Consult medical specialists about the consequences before considering ketamine therapy for depression. People should have informed discussions with their healthcare providers on the benefits, drawbacks, and acceptability of ketamine therapy for their particular circumstances, given the potential for instant antidepressant effects. This cooperative method guarantees that prospective applicants are knowledgeable and capable of making choices that support their general mental health and well-being.
Are Ketamine Troches Addictive?
Similar to other ketamine derivatives, ketamine troches have the potential to become addictive. Factors like dose, individual vulnerability, and frequency of usage all impact the likelihood of addiction.
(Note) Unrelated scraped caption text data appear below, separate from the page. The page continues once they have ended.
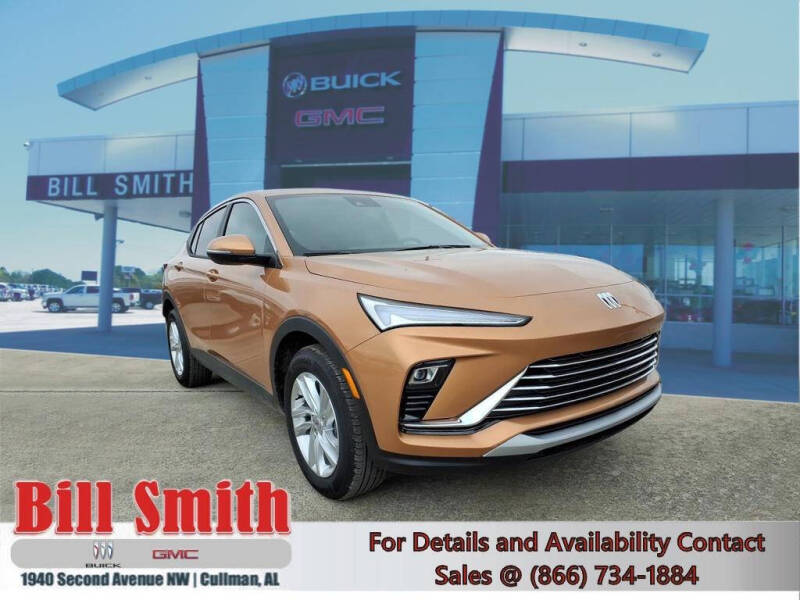 2025 Buick Envista Preferred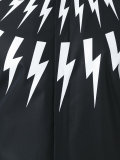 lightning bolt print shirt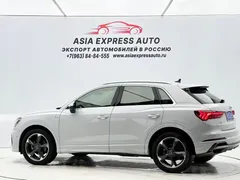 2022 Audi Q3 35 TFSI Fashion Dynamic, белый — фото 6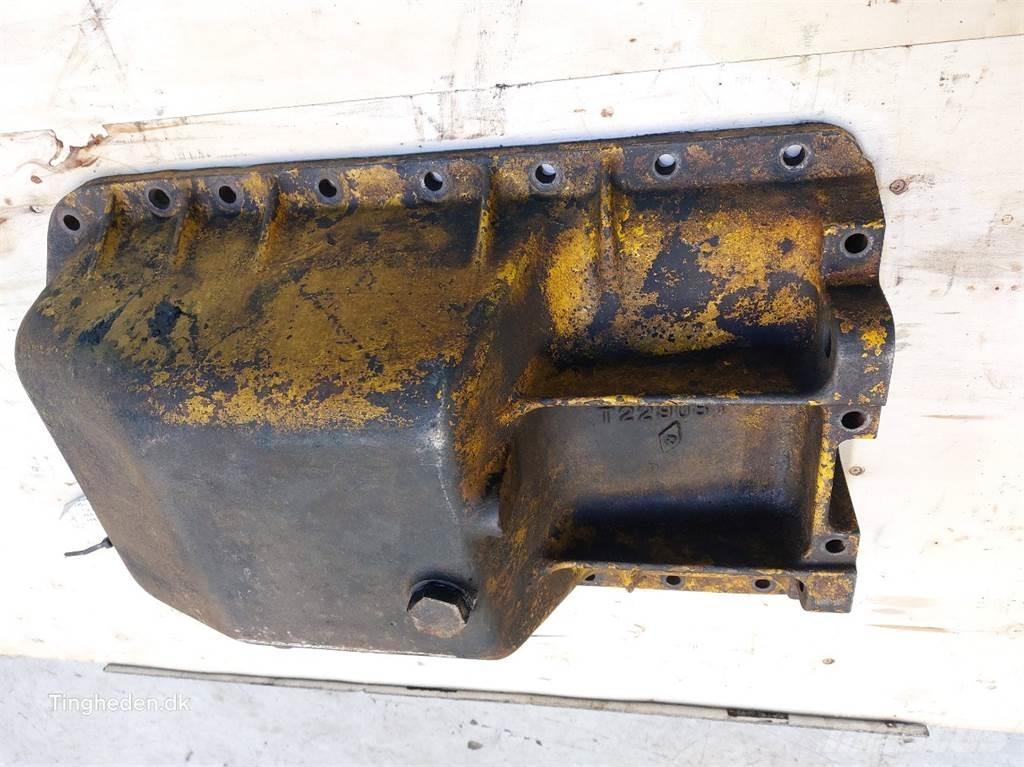John Deere 1550 Motorok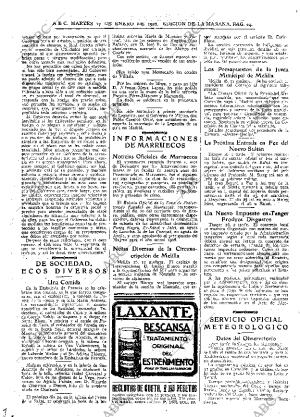 ABC MADRID 17-01-1928 página 24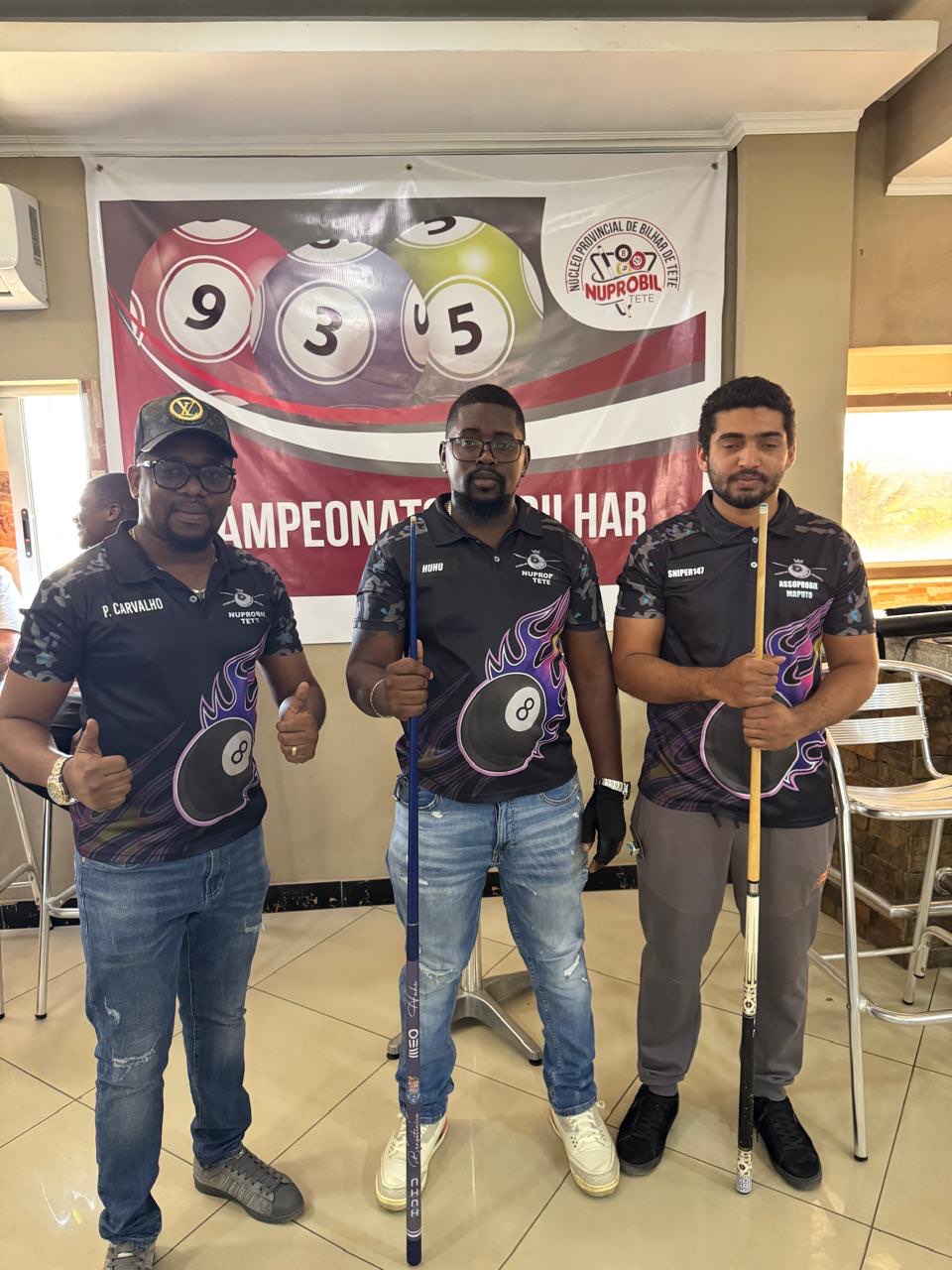 Torneio de Preparação e Angariação de Fundos para Participação Internacional nas Maurícias - 3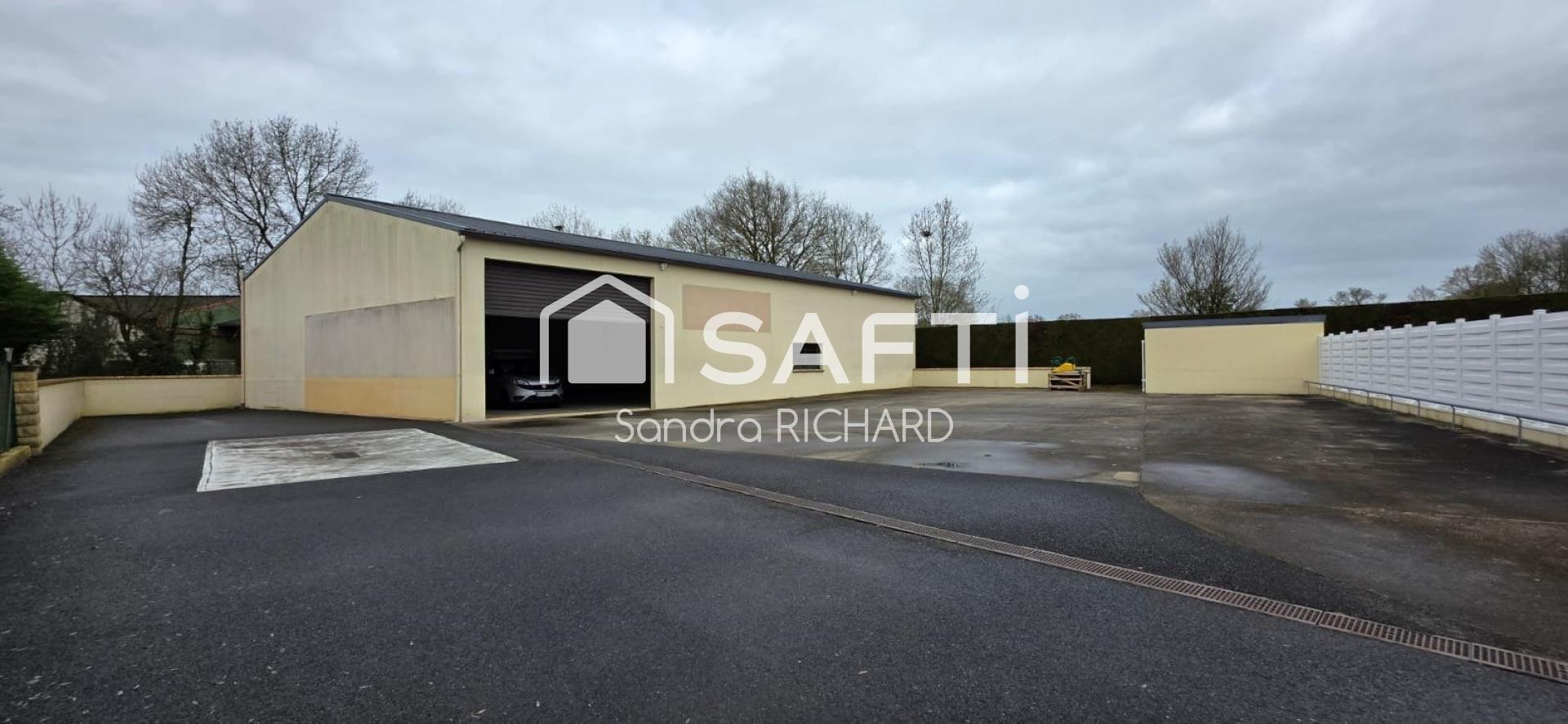 Agence immobilière de SAFTI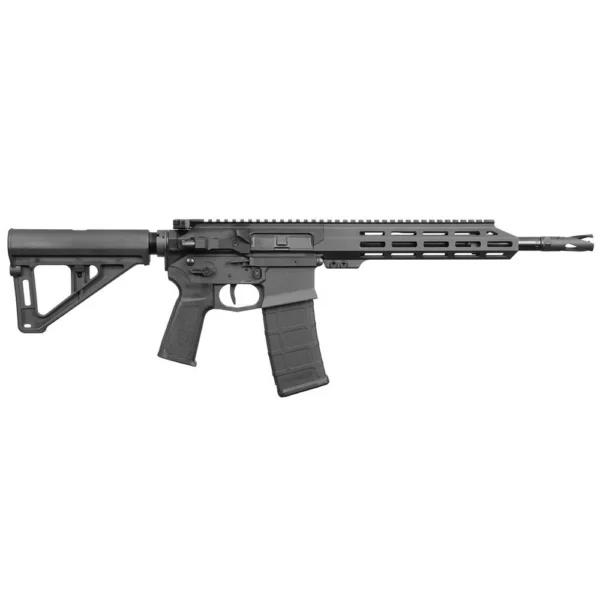 Century Arms US Palm Cat4 Handgun 5.56 NATO 30rd Magazine 11.5" Barrel Black
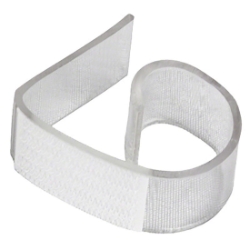 Ameristage Plastic Skirt Clips - 1.5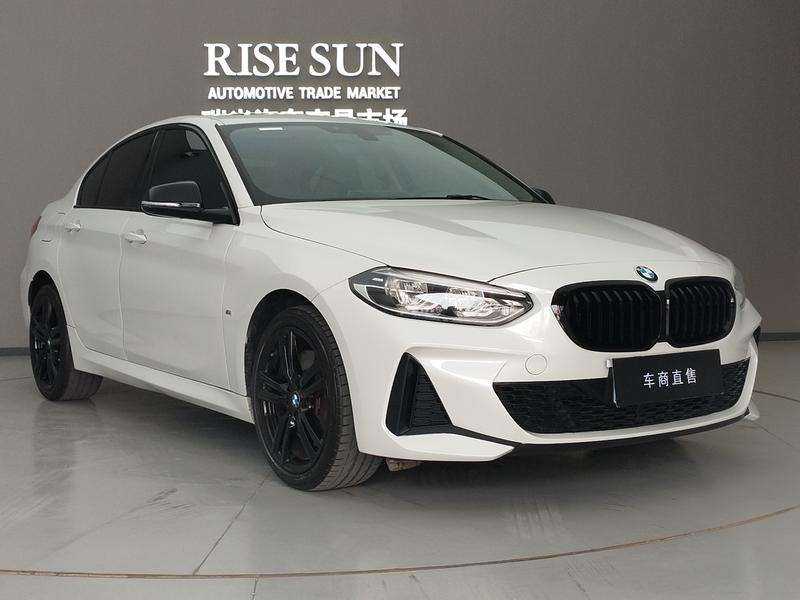 BMW 1 Series, 2022 — фото 3 из 12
Troches are intended for regulated medical usage; nonetheless, abuse or unsupervised use may raise the risk of addiction, dependency, or tolerance. Individuals must use ketamine troches only as prescribed by healthcare professionals to minimize the risk of addiction.
What to Know About Ketamine Therapy for Addiction
To properly comprehend the efficacy of ketamine in treating addiction, additional meticulously designed research trials are required. Ketamine may have a variety of effects on addiction treatment, such as:
- Enhancing the brain’s capacity for growth and change.
- Upsetting particular brain networks linked to addiction.
- Reducing depressive symptoms.
- Augmenting the efficacy of psychological therapy.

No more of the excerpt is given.